Inner Senses est juste un pétard mouillé et il faut bien se rendre à l'évidence que ce n'est pas demain la veille qu'Hong-Kong arrivera à produire des films d'horreur sérieux( Bio Zombie ayant utilisé inteligemment la carte du second degré pour éviter de tomber dans le ridicule)dignes de ce nom.
Après leur collaboration assez efficace sur Double Tap, on attendait un peu mieux du duo Law Chi-Leung / Leslie Cheung. Inner Senses tente d'apporter une approche un petit peu différent au genre, et malgré quelques idées intéressantes et le sérieux de la réalisation et l'interprétation, le film pêche pas manque d'intérêt sur la fin.

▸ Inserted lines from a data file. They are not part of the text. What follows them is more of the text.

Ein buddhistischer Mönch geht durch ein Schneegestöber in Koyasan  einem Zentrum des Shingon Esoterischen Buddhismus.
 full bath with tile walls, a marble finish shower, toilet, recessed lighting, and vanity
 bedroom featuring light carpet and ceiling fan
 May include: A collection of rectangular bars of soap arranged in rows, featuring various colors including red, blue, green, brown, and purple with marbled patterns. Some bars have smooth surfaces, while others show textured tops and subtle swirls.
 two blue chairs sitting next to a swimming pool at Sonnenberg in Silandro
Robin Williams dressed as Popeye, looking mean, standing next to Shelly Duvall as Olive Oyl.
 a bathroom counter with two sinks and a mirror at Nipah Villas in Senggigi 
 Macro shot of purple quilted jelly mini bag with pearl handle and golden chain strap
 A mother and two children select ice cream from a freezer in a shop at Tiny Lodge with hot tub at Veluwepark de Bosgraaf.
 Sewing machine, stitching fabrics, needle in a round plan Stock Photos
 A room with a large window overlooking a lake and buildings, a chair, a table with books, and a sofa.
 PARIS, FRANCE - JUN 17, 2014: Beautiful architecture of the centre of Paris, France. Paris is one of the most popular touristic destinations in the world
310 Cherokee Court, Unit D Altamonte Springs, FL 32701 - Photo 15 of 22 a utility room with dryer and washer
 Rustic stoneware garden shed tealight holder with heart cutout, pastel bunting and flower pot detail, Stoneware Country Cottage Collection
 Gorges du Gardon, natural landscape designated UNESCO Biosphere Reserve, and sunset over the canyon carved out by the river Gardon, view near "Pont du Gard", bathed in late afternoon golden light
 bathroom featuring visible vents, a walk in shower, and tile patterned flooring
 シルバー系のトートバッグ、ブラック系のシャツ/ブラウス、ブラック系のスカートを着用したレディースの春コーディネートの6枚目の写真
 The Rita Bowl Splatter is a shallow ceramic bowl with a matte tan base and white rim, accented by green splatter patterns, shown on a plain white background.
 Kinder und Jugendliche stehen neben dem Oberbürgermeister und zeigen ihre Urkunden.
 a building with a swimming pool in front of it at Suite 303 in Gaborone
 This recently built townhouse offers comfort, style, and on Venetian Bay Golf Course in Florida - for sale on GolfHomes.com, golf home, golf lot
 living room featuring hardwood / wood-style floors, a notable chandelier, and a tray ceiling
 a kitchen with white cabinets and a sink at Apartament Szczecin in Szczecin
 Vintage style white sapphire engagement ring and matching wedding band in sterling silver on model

Il faut dire que depuis le Sixième Sens, les phrases comme "je vois des fantômes/personnes mortes" sont devenues un peu trop communes pour susciter l'intérêt. Surtout que le film de M. Night Shyamalan a placé la barre très haut avec sa réalisation classique mais efficace. Ici le traitement du film est plus réaliste, avec un scénario cherchant probablement à volontairement imiter Le Sixième Sens pour leurrer un peu le spectateur. Ensuite il joue sur l'existence ou la non existence des fantômes, utilisant habilement la thèse de Jim pour nous faire douter. Autant cela laissait du suspense lors de la première partie du film, autant la seconde pêche par manque d'originalité et une réalisation moins prenante.
Les acteurs s'en tirent pourtant assez bien, Leslie ne forçant pas trop son talent avec un personnage à nouveau un peu trouble comme dans Double Tap, mais moins impressionnant. La jeune Karena Lam est assez convainquante, mais ne peut guère impressionner avec un rôle évoluant de manière un peu trop abrupte. On appécie de revoir Waise Lee évidemment, même si son rôle n'a rien de fantastique, ainsi que Norman Chu méconnaissable. Quant à la musique, elle se montre assez efficace, et on apprécie le soin apporté à l'ambiance sonore, même si celle-ci est assez classique et sans surprise.
Au final, Inner Senses déçoit. Il y a de bonnes idées dans ce scénario, dont la principale est de ne jamais réfuter aucune des deux hypothèses (fantômes/disfonctionnement cérébral) et de jouer jusqu'au bout dessus. Hélas cela ne suffit pas à rattraper le dernier tiers qui m'a semblé bien moins efficace. Il vaut toujours mieux débuter mal pour bien finir que l'inverse. Le film présente cependant suffisamment de qualités pour plaire à certains, mais ses défauts sont hélas également suffisamment importants pour en rebuter d'autres. Difficile de le conseiller ou le déconseiller.